"The Preface" to The Fire: A Story That Raged To Be Told
"Crazy Rachel" has just completed the task of typing her Uncle John's scribbled out memoirs into a story she has titled The Fire. She wants to write a preface for it but since she can't write while on her "meds," she goes off them. Slipping into a disastrously manic state, she writes, instead of a preface, the long, chaotic story of her own, very troubled life—as it entwined with her uncle's. More
When Rachel's great-uncle John died, he bequeathed to her his farm and his illegibly scribbled memoirs. After spending a decade "translating" them into a readable document, she titled it, The Fire, and decided to self-publish it as an eBook.
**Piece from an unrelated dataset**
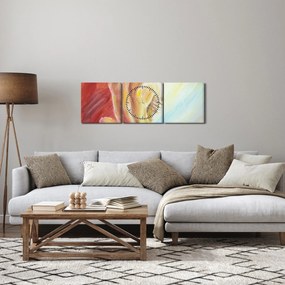 Obraz odpoczywającej kobiety, obraz olejny (z zegarem) (90x30 cm)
She titled it The Fire, because his writing of it was provoked by him witnessing the beginning of a fire in the mall that was the "downtown" of her hometown. John had stopped at it, one Saturday morning, on his way to a visit her and her children in the city twenty miles away.
The fire had started in the drug store, but it seemed inconsequential and he assumed, on leaving for the city, that the arriving firemen would quickly extinguish it. On his return five hours later, he discovered that that "inconsequential fire" had razed the mall.
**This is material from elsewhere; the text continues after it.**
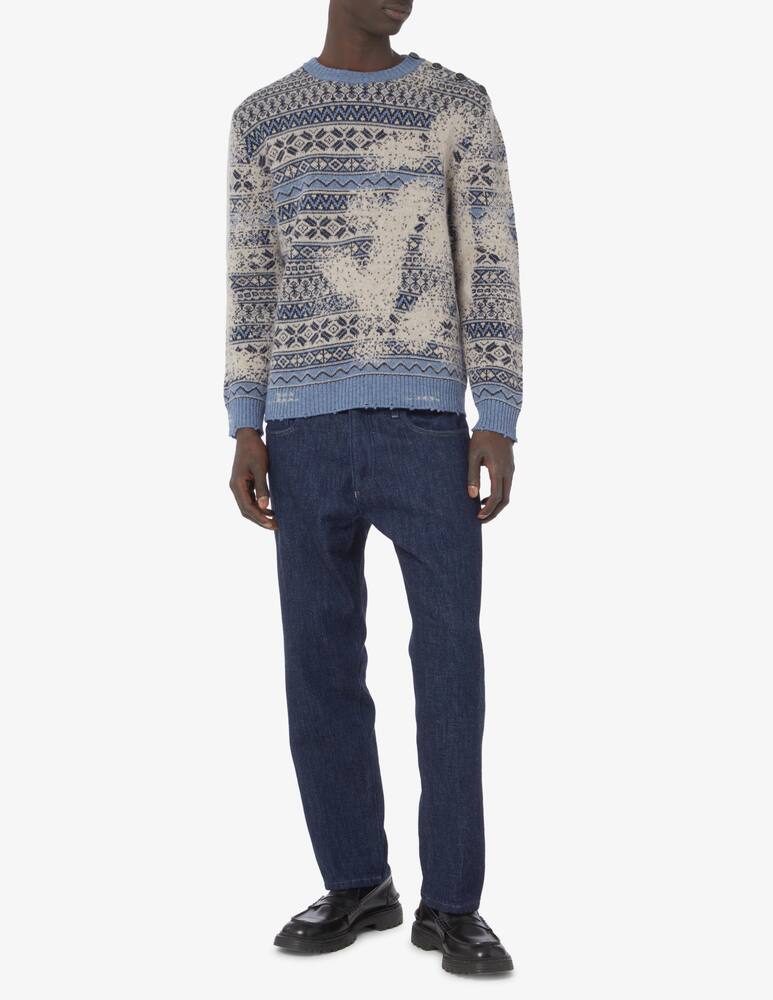 rinascente Barena Maglia girocollo con trama - Blu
As John sat in his truck and stared at the smoke-billowing pit,, vivid visions of his long-ago life on a western ranch filled his mind. Visions of when his abusive actions had caused the deaths of his wife and son. His remorse still haunted him.
The devastation of that "inconsequential fire," provoked caustic memories centering around an "inconsequential ailment" that had led to his wife's sudden death. Followed by the death of his estranged teenage son, whose grief over his mother's death caused him to commit suicide.
On returning to his farm house, John felt compelled to begin writing the story of his life, starting with his abusive childhood on a nearby farm and leading to—and beyond—the events on that ranch. It took him sixteen years to complete his memoirs.
Twenty two years after John finished writing The Fire, Rachel was ready to publish it, but she wanted to write a preface to it, describing her uncle and explaining the important role he had played in her life. Her intention was to write mostly about him, but as her life had been so bound up with his, and as his death caused her to have a psychotic breakdown, the preface became as much the story of her life as his.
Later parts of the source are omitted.